# Over running coupler



## 19442N (Apr 14, 2018)

Over running couplers. Are you guys using them and do they stand the test of time? I stood tall on the brake but still took out the trash can.


----------



## sixbales (May 18, 2011)

On the old transmission-driven PTO's, an over-running coupler is important to prevent the rotary momentum of the PTO implement from driving the transmission when the clutch is depressed. These are time-proven devices, been in service for many years.


----------



## pogobill (Jan 31, 2012)

I'm with sixbales, it's a matter of safety!


----------



## 19442N (Apr 14, 2018)

Thanks men. I'm thinking that since the PTO shaft needs a rebuild I'll just replace it with a conversion shaft and the coupler. Do you guys have to shorten a drive shaft when coupler is installed?


----------



## sixbales (May 18, 2011)

You may have to shorten the shaft when you install the conversion shaft and coupler. After the installation, check that your shaft still has capability to slide inwards so that you do not impose compressive force on your PTO system in the tractor.


----------



## RC Wells (Dec 26, 2008)

If you replace your PTO shaft with the new larger version, you will also need to change the yoke on the rotary mower drive shaft to match the larger diameter PTO. 

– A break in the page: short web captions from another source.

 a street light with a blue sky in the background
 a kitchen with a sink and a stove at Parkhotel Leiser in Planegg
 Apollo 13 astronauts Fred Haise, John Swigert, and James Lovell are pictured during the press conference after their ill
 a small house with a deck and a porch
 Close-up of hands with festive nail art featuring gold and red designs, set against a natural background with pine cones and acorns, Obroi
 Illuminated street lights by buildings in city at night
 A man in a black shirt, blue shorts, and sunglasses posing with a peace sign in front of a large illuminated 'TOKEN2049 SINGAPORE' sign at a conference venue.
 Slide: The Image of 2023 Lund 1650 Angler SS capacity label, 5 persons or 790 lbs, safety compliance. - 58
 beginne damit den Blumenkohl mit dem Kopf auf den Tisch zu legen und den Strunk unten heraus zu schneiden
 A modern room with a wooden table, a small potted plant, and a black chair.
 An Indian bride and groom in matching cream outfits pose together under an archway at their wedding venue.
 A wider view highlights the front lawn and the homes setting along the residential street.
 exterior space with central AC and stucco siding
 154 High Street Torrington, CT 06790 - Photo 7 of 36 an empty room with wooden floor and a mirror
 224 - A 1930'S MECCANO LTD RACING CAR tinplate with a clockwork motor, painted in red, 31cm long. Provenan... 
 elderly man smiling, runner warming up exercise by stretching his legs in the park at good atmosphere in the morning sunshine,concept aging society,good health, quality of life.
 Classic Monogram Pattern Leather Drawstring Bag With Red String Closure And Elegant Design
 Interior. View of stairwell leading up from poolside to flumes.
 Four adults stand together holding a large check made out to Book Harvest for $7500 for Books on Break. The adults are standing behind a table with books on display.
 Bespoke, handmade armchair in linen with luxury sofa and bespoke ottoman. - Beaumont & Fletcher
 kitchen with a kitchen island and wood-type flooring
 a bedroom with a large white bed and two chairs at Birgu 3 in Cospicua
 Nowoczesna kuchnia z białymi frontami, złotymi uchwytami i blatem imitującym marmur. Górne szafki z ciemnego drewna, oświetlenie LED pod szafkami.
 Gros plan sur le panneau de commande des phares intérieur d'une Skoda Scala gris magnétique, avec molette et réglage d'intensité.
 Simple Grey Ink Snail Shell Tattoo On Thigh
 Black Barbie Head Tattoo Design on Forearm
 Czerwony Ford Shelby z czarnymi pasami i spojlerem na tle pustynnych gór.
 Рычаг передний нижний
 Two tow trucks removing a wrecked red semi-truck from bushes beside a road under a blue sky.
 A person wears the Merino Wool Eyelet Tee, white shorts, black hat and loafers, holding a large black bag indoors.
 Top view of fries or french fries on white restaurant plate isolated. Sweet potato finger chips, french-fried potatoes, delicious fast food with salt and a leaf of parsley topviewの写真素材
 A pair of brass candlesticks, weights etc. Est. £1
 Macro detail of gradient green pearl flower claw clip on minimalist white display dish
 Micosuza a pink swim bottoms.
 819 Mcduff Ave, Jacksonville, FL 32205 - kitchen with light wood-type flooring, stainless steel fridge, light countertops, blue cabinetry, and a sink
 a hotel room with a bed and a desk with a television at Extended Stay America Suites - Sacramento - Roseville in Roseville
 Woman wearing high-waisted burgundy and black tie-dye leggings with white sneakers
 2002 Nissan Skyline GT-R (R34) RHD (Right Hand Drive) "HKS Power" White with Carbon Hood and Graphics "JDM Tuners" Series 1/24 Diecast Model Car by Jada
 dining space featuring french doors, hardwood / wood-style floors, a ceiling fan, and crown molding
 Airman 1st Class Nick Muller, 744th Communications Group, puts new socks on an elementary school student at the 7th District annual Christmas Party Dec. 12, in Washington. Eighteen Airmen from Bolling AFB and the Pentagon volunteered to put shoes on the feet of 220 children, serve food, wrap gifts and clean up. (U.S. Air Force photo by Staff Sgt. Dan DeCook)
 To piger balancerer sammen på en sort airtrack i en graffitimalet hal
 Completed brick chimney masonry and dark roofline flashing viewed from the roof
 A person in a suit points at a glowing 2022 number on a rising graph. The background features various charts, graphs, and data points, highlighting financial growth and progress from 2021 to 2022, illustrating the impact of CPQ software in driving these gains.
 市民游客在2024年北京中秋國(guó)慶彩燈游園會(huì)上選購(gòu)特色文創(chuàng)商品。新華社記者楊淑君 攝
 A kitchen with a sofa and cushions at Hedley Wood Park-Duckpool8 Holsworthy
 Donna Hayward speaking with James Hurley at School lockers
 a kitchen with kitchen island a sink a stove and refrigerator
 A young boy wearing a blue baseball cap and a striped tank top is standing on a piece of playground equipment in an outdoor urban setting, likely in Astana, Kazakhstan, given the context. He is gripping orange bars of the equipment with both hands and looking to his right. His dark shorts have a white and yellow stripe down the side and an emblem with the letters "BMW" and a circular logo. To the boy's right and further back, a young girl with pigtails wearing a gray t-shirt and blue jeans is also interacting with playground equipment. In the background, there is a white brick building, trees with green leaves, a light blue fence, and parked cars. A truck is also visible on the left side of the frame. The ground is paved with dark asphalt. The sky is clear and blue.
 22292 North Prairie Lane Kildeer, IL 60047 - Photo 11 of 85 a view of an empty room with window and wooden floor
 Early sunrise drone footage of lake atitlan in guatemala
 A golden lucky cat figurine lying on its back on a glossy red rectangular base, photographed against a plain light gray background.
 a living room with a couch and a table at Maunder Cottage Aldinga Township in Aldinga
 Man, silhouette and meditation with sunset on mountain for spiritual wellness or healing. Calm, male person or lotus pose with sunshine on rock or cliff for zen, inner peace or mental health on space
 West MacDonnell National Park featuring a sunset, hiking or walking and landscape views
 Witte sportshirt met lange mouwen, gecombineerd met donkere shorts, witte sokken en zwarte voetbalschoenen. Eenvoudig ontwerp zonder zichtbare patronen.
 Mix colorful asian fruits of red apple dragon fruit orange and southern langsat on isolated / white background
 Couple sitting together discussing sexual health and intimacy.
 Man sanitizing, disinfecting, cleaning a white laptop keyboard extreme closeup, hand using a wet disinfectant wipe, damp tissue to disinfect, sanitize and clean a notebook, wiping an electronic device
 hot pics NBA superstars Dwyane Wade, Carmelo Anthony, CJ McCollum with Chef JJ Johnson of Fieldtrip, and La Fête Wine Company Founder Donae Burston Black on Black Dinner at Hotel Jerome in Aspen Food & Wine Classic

Because the overrunning clutches bolt directly to the PTO, and unless the PTO spline is worn to the point of being sloppy, I would just get a clutch in the original 1 1/8" size and LocTite 660 to eliminate any micro-movement in the PTO spline to clutch union. 

Usual slop on these systems will be found in a worn driveshaft yoke, as it is a softer material so it is sacrificial over time and not chew up the PTO itself from dirt in the union.


----------



## 19442N (Apr 14, 2018)

RC Wells said:


> If you replace your PTO shaft with the new larger version, you will also need to change the yoke on the rotary mower drive shaft to match the larger diameter PTO.
> 
> Because the overrunning clutches bolt directly to the PTO, and unless the PTO spline is worn to the point of being sloppy, I would just get a clutch in the original 1 1/8" size and LocTite 660 to eliminate any micro-movement in the PTO spline to clutch union.
> 
> Usual slop on these systems will be found in a worn driveshaft yoke, as it is a softer material so it is sacrificial over time and not chew up the PTO itself from dirt in the union.


The previous owner was using a spline adapter on the PTO shaft. So I thought by installing the conversion shaft it wouldn't be necessary to replace yoke. Please correct me if I'm wrong. Thanks.


----------



## RC Wells (Dec 26, 2008)

Should be standard yoke then.


----------